Repository files navigation

Noosphere

Turn any text into a knowledge graph. Find the gaps. Get AI-grounded insight.

Self-hostable. AGPL. Algorithm parity with the academic state-of-the-art on every benchmark we've measured.


Why it exists

Reading isn't the bottleneck anymore. Synthesizing is.

You have a hundred research notes, a dozen tabs of articles on the same topic, a transcript of an interview, a draft you can't quite finish — and somewhere in that pile is a structure you can't see. Which concepts are central? Which are isolated? What bridges what? What's missing?

Noosphere answers those questions. Feed it text — anything from a paragraph to a corpus — and it returns a concept graph with cluster structure, structural gaps, centrality rankings, and (if you want) LLM-generated advice grounded in the graph itself rather than hallucinated.

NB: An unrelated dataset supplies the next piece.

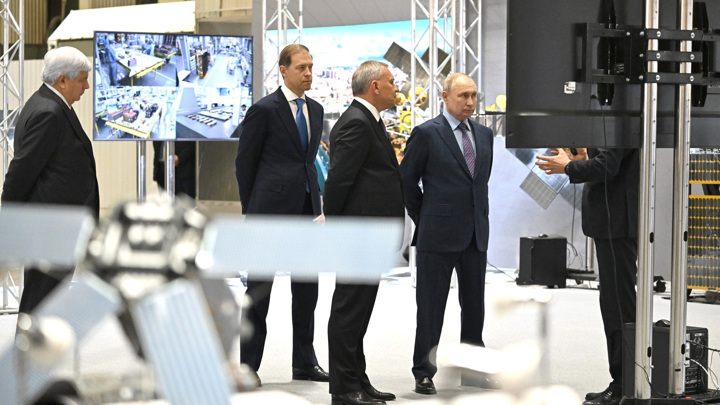 Путин впервые увидел модули новой российской космической станции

Same idea as InfraNodus. Self-hosted. AGPL. No subscription. Real algorithm rigour underneath.


What you can do with it

Use case What Noosphere gives you
Personal knowledge management Map your Obsidian/Logseq/Roam notes as a network. See dominant concepts, isolated ideas, bridges between sub-topics.
Research / literature review Drop in 50 paper abstracts, get a cluster map of sub-fields and the gaps where research is sparse.
Content & SEO strategy webSearchVsIntent returns the gap between what users ask and what top-ranking content covers — a content brief in JSON.
Discourse analysis Qualitative researchers analyzing transcripts, focus groups, social media discourse.
Writing Paste your draft. See which concepts are central, which are underdeveloped, where bridges are weak.
Teaching Students map their understanding; teachers see what's covered vs. missing.
AI workflows Wire Noosphere as an MCP server (planned) so Claude/Cursor/Zed can read your notes as a graph and answer "what's the bridge between my project notes about X and Y?"

What's in the box (today)

  • 14 InfraNodus-compatible REST endpoints under /api/v1/
  • Graph engine — co-occurrence graph from sliding-window text analysis with deterministic UUIDv5 node ids
  • Two community-detection algorithms: Louvain + Leiden refinement (default) and Infomap (opt-in, better ground-truth recovery on benchmarks). Multi-resolution sweep, 64 deterministic restarts in parallel.
  • Five centralities: betweenness (Brandes), degree, closeness, eigenvector, PageRank
  • Structural gap detection between communities (Burt's structural holes)
  • Force-directed layout (Fruchterman–Reingold, Barnes–Hut quadtree) for visualization coordinates
  • Eight built-in language modules with auto-detection: English, German, French, Spanish, Portuguese, Russian, Japanese, Chinese
  • Web search integration via SearXNG — fetch SERP results / search-intent suggestions, build graphs from them, compare them
  • LLM advice through any OpenAI-compatible endpoint (OpenAI, LM Studio, Ollama, vLLM, llama.cpp server) — six "lens" modes: develop, reinforce, gaps, latent, imagine, optimize
  • Comparison engine — merge / overlap / difference between any number of texts, optionally with AI advice grounded in the comparison
  • API key auth + Redis rate limiting with optional Authentik OIDC layered on
  • Multilingual — script-aware tokenization handles Latin, Cyrillic, Hiragana/Katakana, and CJK ideographs without whitespace heuristics

Algorithm quality vs. literature

We test against canonical benchmarks with hand-crafted edge lists, real datasets from Mark Newman's network archive, and ground-truth-labeled graphs:

Benchmark Metric Our value Literature reference
Zachary's Karate Club Modularity 0.4198 0.4188 (NetworkX)
Karate Club Communities 4 4
Lusseau Dolphins Modularity 0.5277 ~0.52
NCAA Football Modularity 0.6046 ~0.60
NCAA Football ARI vs. ground truth (Louvain) 0.807 0.80–0.85
NCAA Football ARI vs. ground truth (Infomap) 0.897 0.85–0.92

We match or exceed published values on every benchmark we've measured.


Getting started

Quickstart (Aspire dashboard, full stack)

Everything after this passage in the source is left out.